In this context of transition where many universities and teachers have to give shape to new curriculum designs incorporating EMI, and where the linguistic competence of teachers and students seems necessary for a successful implementation of such curriculum, learning methodologies become an essential element in play to achieve the educational aims. Mainly, these learning methodologies could help overcome a number of shortcomings such as the abovementioned in order to achieve successful teaching and learning in EMI contexts.

Key Terms in this Chapter

Cognitive Load: Refers to the total amount of mental activity that the working memory can handle.

Glocalization: Refers to the need for universities to work at a local and global level in order to attract international students as well as those who belong to minoritized communities.

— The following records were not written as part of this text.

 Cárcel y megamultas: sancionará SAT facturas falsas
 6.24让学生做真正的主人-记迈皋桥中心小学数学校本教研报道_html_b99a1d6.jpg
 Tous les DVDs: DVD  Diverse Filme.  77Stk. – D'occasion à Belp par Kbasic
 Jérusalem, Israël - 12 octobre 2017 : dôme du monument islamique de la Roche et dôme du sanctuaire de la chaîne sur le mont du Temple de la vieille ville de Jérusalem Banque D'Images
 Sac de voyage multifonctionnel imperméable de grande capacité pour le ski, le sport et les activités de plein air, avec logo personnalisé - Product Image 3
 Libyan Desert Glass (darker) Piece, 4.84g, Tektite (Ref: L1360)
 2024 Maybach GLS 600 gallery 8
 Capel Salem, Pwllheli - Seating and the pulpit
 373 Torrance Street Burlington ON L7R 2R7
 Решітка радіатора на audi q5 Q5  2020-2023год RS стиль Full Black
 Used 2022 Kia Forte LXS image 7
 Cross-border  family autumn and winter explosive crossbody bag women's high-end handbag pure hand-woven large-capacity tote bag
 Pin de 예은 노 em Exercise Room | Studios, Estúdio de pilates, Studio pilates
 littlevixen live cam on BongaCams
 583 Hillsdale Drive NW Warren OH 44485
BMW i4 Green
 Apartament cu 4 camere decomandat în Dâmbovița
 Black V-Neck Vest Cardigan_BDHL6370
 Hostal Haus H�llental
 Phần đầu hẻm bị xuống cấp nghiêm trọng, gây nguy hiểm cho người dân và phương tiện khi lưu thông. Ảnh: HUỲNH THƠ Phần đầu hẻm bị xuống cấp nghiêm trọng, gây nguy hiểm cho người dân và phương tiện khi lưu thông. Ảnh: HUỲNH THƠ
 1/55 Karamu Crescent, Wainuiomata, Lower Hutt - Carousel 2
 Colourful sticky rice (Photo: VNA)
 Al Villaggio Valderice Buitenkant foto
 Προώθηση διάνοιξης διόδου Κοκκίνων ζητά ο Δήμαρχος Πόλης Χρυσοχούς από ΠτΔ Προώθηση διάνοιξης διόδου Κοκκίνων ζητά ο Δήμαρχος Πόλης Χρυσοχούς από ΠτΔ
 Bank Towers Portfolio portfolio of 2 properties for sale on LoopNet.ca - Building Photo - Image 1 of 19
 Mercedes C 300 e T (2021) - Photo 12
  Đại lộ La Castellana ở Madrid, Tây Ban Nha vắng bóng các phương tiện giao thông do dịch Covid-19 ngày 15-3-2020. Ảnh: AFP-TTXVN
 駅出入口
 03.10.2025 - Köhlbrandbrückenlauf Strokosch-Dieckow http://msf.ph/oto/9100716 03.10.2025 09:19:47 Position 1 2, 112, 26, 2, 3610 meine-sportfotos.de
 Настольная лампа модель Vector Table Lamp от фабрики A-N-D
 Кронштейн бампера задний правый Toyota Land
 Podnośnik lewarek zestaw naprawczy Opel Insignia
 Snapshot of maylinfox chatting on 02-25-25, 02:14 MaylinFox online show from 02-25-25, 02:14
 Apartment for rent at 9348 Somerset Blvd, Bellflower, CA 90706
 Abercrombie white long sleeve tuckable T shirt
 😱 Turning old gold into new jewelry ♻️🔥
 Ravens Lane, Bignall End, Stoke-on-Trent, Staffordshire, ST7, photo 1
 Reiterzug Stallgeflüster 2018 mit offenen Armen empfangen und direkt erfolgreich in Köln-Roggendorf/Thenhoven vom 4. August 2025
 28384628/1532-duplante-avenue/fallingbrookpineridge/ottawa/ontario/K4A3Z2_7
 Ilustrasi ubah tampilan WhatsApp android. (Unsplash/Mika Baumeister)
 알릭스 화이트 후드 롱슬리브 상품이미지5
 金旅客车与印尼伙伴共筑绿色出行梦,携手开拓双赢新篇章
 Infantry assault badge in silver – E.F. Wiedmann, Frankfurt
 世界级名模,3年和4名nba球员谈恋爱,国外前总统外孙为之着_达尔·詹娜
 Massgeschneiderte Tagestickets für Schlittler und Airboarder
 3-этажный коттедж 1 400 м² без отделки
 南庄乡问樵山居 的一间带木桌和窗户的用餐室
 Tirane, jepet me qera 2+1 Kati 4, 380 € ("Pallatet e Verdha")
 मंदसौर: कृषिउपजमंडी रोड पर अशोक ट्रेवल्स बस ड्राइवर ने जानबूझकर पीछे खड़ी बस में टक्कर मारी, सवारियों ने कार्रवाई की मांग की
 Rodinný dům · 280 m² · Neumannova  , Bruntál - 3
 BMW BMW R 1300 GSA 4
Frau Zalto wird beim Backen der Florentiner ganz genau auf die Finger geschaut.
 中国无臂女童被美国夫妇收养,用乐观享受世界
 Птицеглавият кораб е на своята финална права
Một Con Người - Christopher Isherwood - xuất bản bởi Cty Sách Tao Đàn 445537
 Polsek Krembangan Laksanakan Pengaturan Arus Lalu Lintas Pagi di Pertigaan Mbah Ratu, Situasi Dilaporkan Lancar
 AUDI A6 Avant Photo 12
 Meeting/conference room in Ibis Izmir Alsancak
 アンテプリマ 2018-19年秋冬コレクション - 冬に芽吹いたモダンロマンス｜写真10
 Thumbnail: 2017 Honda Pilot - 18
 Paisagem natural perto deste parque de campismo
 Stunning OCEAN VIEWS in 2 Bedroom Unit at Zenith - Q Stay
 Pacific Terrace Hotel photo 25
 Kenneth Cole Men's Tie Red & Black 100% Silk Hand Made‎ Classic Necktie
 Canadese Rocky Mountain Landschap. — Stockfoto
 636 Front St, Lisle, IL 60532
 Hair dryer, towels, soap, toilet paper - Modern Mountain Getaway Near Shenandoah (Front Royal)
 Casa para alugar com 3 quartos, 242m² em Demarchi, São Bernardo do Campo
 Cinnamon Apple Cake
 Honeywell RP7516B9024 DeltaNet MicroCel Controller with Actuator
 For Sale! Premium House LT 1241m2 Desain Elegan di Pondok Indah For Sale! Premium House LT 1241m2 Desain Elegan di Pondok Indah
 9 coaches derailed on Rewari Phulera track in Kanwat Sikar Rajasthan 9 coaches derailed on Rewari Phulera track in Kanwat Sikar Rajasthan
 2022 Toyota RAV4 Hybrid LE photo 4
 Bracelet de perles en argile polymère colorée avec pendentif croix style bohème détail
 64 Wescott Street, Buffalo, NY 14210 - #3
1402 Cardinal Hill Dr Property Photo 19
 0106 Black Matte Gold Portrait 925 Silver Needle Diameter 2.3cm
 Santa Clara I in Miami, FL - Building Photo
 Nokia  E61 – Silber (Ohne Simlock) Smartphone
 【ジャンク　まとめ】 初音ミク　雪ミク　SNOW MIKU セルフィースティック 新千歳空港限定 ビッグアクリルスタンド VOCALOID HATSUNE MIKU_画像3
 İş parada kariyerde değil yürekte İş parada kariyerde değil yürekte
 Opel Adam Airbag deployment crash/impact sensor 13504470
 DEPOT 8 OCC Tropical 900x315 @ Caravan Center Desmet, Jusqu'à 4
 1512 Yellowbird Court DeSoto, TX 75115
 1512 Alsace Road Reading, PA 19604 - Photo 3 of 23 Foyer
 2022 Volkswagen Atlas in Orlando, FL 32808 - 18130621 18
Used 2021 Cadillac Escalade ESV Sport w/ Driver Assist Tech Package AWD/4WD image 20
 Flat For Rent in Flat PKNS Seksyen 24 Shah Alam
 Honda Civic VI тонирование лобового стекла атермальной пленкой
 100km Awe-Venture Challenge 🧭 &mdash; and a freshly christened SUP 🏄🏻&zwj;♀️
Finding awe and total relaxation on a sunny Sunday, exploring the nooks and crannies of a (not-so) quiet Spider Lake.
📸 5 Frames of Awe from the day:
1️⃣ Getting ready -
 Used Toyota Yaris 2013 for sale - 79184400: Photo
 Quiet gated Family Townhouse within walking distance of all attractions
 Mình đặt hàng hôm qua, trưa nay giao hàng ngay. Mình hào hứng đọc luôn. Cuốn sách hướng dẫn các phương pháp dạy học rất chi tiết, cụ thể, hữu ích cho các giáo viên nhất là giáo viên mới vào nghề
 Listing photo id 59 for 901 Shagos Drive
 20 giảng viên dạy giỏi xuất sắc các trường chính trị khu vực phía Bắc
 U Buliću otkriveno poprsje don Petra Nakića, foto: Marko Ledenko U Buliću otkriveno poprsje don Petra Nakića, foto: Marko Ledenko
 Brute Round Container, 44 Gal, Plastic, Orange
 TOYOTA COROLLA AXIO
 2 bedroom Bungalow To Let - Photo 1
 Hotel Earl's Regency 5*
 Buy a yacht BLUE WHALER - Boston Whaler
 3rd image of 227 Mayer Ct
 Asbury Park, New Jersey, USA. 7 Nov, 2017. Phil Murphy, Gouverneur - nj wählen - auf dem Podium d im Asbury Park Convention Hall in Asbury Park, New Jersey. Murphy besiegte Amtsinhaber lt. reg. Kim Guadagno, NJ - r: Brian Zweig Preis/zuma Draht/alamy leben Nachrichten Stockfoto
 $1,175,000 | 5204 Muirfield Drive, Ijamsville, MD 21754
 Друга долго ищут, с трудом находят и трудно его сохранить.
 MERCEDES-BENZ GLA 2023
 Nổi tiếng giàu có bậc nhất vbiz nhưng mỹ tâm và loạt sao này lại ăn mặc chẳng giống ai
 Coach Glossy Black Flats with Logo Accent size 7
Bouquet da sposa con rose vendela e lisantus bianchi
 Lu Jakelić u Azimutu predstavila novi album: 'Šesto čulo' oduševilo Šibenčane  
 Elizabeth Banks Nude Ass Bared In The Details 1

EMI: English-Medium Instruction. Refers to a type of tuition in which English is used to teach academic subjects at high schools and higher institutions where English is not the first language.

Design Principles: Refers to a series of pedagogical recommendations that involve the design of a learning environment.

Flipped Learning: A type of blended learning methodology in which the contents and explanations are given in advance normally through video, and in-class time is devoted to assessing students’ understanding, foster collaborative work and critical thinking.

Blended Learning: A type of learning that combines teacher presence with online tuition in which between a 20% and 79% of the class contents and activities are delivered online.

Internationalization: The process of exchange between higher education institutions and nations which normally takes place within the public domain.